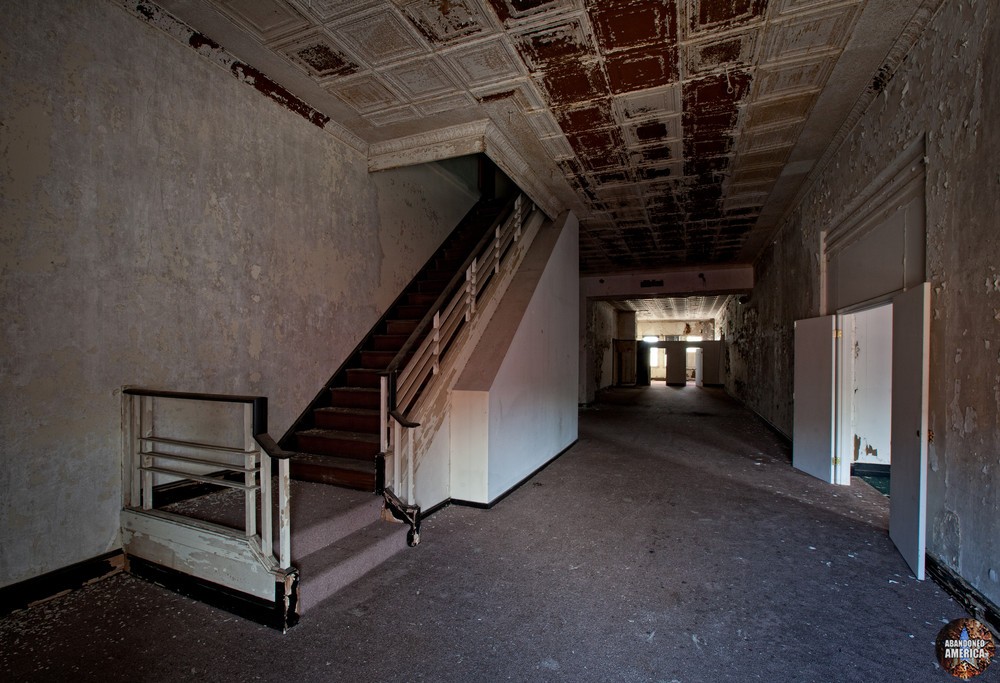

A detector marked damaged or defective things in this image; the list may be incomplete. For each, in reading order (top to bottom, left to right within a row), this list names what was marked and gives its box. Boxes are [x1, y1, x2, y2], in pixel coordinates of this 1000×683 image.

rusted ceiling tile [584, 0, 680, 54]
rusted ceiling tile [600, 46, 680, 94]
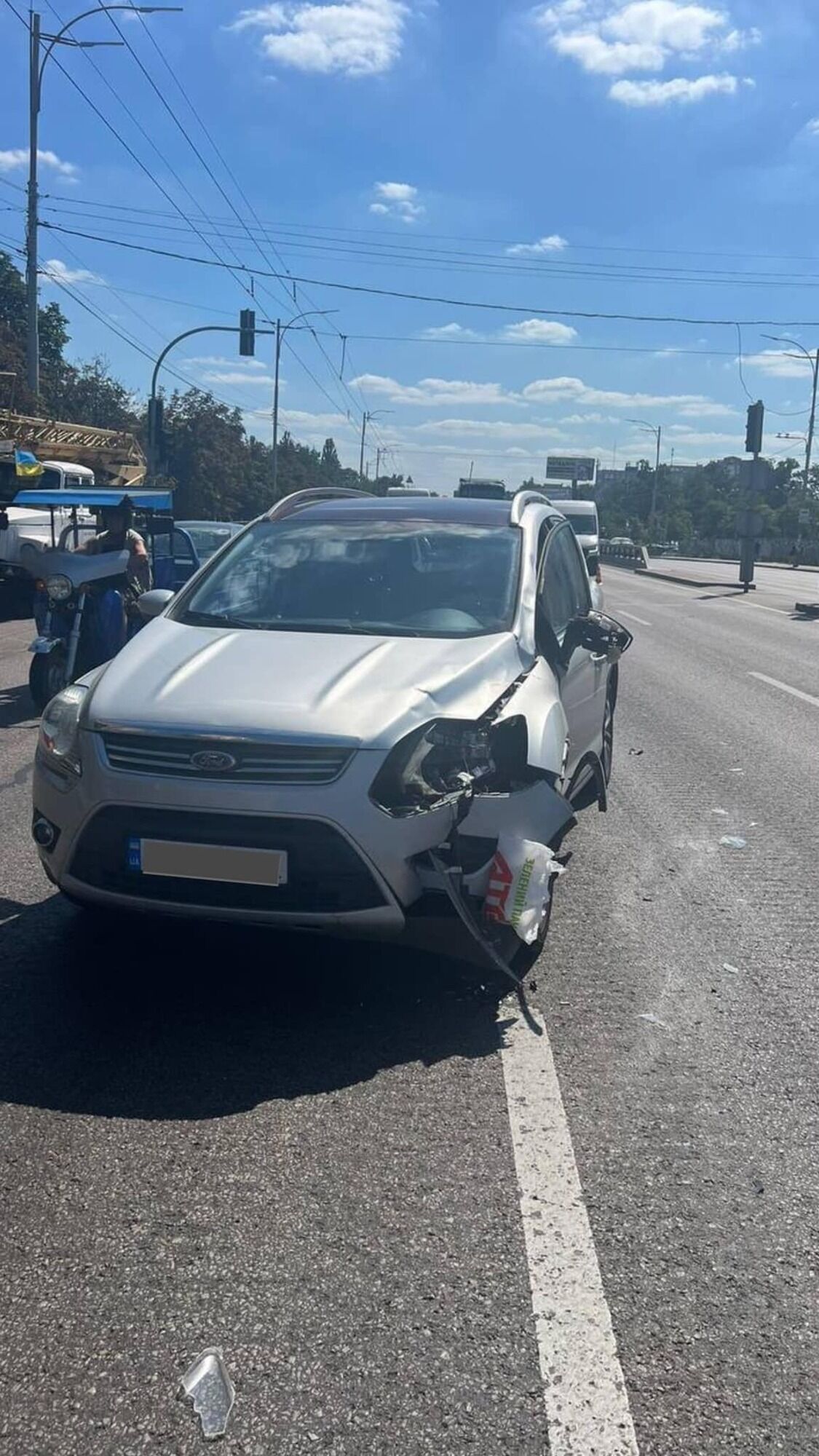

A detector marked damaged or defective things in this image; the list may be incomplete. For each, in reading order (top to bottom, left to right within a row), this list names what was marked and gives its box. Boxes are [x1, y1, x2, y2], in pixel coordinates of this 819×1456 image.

damaged white ford [30, 489, 635, 978]
broken headlight [370, 719, 495, 821]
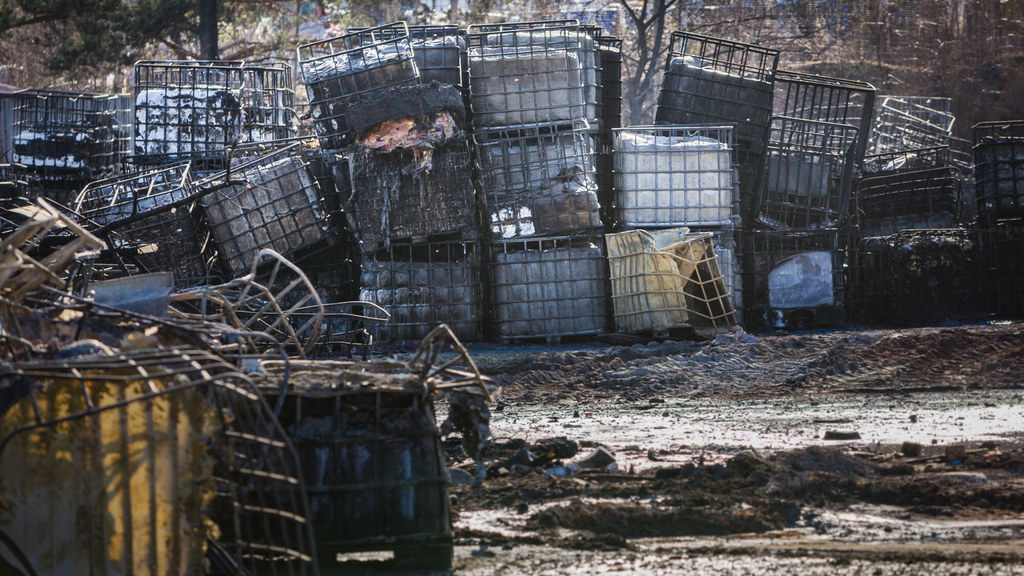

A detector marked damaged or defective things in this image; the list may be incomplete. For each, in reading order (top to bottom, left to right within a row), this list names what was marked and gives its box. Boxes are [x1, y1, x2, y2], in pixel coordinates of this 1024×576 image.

burnt container stack [3, 89, 128, 206]
burnt ibc container [74, 159, 211, 286]
charred plastic container [74, 161, 211, 286]
charred plastic container [131, 59, 292, 165]
burnt ibc container [131, 61, 292, 167]
charred plastic container [198, 141, 327, 276]
charred plastic container [299, 21, 419, 152]
burnt ibc container [299, 22, 419, 152]
burnt container stack [299, 23, 483, 340]
burnt ibc container [342, 82, 473, 251]
burnt ibc container [360, 237, 483, 340]
burnt ibc container [466, 20, 593, 128]
burnt container stack [468, 20, 606, 340]
charred plastic container [475, 119, 602, 238]
burnt ibc container [475, 119, 602, 238]
charred plastic container [489, 233, 606, 340]
burnt ibc container [489, 233, 606, 340]
charred plastic container [610, 124, 741, 227]
burnt ibc container [651, 30, 778, 224]
charred plastic container [655, 30, 774, 224]
burnt ibc container [741, 226, 851, 330]
charred plastic container [757, 115, 860, 227]
burnt ibc container [757, 115, 860, 228]
burnt container stack [741, 71, 876, 330]
burnt ibc container [770, 69, 876, 168]
burnt ibc container [860, 150, 962, 235]
charred plastic container [851, 229, 978, 327]
burnt ibc container [856, 229, 983, 327]
burnt container stack [970, 120, 1019, 315]
burnt ibc container [970, 119, 1024, 223]
charred plastic container [970, 119, 1024, 223]
charred plastic container [266, 362, 454, 569]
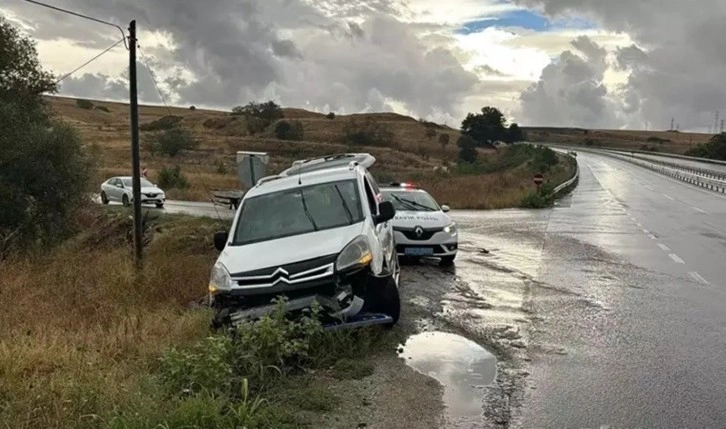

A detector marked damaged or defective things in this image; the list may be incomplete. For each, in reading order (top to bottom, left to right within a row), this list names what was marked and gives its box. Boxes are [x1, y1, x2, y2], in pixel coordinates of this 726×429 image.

● ● ●

- Goal of the exercise
When you copy the listing above, reproduce every line exactly and skip the images.

- Written reply
A detector marked damaged or defective things in this image; the list may be incomplete. For each, in reading order (top to bottom, left to right within a row), this list names what was marked and gives its box. Boxes are [x1, y1, x2, y2], in pixel coordinates of this 1000×683 image.

rusted ceiling tile [584, 0, 680, 54]
rusted ceiling tile [600, 46, 680, 94]

A detector marked damaged or defective things in this image; the list may be incomplete. For each, in reading order (top to bottom, left to right within a row), this list names what was marked and gives its box. Boxes are [x1, y1, x2, y2], in pixel coordinates of this 819×1456 image.

damaged white ford [30, 489, 635, 978]
broken headlight [370, 719, 495, 821]

A detector marked damaged or defective things in this image; the list may be incomplete. For each, in reading order (top to bottom, left to right within a row), this list names what was marked and gives its box. Boxes are [x1, y1, x2, y2], in pixel coordinates of this 1024×576 image.

burnt container stack [3, 89, 128, 206]
burnt ibc container [74, 159, 211, 286]
charred plastic container [74, 161, 211, 286]
charred plastic container [131, 59, 292, 165]
burnt ibc container [131, 61, 292, 167]
charred plastic container [198, 141, 327, 276]
charred plastic container [299, 21, 419, 152]
burnt ibc container [299, 22, 419, 152]
burnt container stack [299, 23, 483, 340]
burnt ibc container [342, 82, 473, 251]
burnt ibc container [360, 237, 483, 340]
burnt ibc container [466, 20, 593, 128]
burnt container stack [468, 20, 606, 340]
charred plastic container [475, 119, 602, 238]
burnt ibc container [475, 119, 602, 238]
charred plastic container [489, 233, 606, 340]
burnt ibc container [489, 233, 606, 340]
charred plastic container [610, 124, 741, 227]
burnt ibc container [651, 30, 778, 224]
charred plastic container [655, 30, 774, 224]
burnt ibc container [741, 226, 851, 330]
charred plastic container [757, 115, 860, 227]
burnt ibc container [757, 115, 860, 228]
burnt container stack [741, 71, 876, 330]
burnt ibc container [770, 69, 876, 168]
burnt ibc container [860, 150, 962, 235]
charred plastic container [851, 229, 978, 327]
burnt ibc container [856, 229, 983, 327]
burnt container stack [970, 120, 1019, 315]
burnt ibc container [970, 119, 1024, 223]
charred plastic container [970, 119, 1024, 223]
charred plastic container [266, 362, 454, 569]

A detector marked damaged or defective things in this image; the list may be incomplete. For each, in reading order (top to bottom, left to right within a row), this list names what was marked and gives its box. Boxes are [x1, y1, x2, y2], in pixel coordinates of this 726×429 image.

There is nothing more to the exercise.